- Venue: BGŻ Arena, Pruszków
- Date: 27–28 March 2009
- Competitors: 24 from 18 nations

Medalists
| gold medal | Victoria Pendleton | Great Britain |
| silver medal | Willy Kanis | Netherlands |
| bronze medal | Simona Krupeckaitė | Lithuania |

= 2009 UCI Track Cycling World Championships – Women's sprint =

Rainbow jersey

The Women's Sprint was one of the 9 women's events at the 2009 UCI Track Cycling World Championships, held in Pruszków, Poland.

26 cyclists from 18 countries were due to participate in the contest, but two riders did not start.
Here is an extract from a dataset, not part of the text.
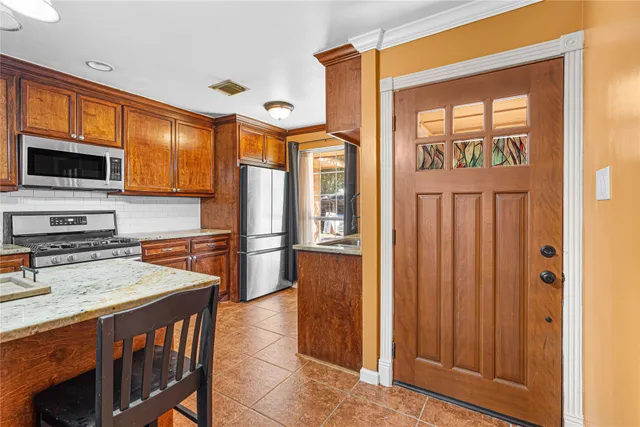 a kitchen with stainless steel appliances granite countertop a refrigerator and a stove top oven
After the qualifying heats, the fastest 24 riders were to advance to the 1/16 finals, therefore all riders who contested the qualification advanced to the next round.

The first rider in each of the 12 heats advanced to the second round. There was no repechage for this round.

The first rider from each of the six Second Round heats advanced to the Quarterfinals and the second placed riders from a repechage to determine the other two riders that competed the quarterfinals.

The first rider in each quarterfinal advanced to the semifinals and the 4 losing athletes faced a race for 5th-8th place.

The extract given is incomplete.